I thought "ze zijn aan het zwemmen" could also mean "they have been swimming" and doesn't always necessarily imply they are swimming right now / right at this very moment .

For example,

Ik ben al twee jaar Nederlands aan het leren.

I have been learning Dutch for two years.

(I have been studying Dutch for the past two years and am still currently learning Dutch, but I am not necessarily busy studying Dutch right at this very moment.)

Could you not say:

"De mannen zijn al twee jaar aan het zwemmen"?

The men have been swimming for two years.

(The men have been swimming continually [obviously not continuously] for the past two years, still regularly swim, but are not necessarily swimming right at this very moment.)

I am asking this because, even though a time expression such as 'al twee jaar' has been introduced, it is still the common Present Continuous form: zijn + aan + the gerund (het zwemmen).

Is this / will this be discussed in a later chapter on the use of the Present Continuous form?

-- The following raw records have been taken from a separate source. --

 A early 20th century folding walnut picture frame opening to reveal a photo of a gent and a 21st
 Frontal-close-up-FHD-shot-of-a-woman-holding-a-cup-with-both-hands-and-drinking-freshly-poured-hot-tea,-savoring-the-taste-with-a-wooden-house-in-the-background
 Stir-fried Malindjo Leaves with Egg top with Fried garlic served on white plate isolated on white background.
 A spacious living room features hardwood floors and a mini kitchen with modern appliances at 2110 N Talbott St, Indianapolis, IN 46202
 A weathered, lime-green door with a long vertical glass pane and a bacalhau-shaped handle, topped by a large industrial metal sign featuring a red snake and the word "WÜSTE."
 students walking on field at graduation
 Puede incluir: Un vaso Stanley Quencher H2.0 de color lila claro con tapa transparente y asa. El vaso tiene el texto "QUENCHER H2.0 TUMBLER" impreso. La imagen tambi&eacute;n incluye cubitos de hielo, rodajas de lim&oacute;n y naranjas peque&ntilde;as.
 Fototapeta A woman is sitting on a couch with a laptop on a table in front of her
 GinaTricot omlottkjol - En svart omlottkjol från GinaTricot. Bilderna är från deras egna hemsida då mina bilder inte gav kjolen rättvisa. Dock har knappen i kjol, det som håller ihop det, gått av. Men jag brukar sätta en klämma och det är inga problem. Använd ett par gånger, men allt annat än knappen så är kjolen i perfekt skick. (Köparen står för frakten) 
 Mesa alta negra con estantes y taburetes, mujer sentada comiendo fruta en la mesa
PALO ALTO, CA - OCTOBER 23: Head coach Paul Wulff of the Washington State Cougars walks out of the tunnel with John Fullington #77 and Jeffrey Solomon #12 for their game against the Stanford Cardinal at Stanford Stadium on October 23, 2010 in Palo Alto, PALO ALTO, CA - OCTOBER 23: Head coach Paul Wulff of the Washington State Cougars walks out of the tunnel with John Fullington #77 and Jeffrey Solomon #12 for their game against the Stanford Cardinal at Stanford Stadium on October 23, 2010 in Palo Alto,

Is 'geweest' also implied, but never expressed, in the above-mentioned examples? Ik ben al twee jaar Nederlands aan het leren (geweest). De mannen zijn al twee jaar aan het zwemmen (geweest).

edit:

I see now, after doing some of the strengthening exercises, that this has been briefly touched upon (perhaps in new updates?), but has not been explained in the lesson overview.

For example:

Hoelang zijn we al aan het wachten?

How long have we been waiting for/now/already? (Obviously in this example, they are still waiting right now, right at this very moment).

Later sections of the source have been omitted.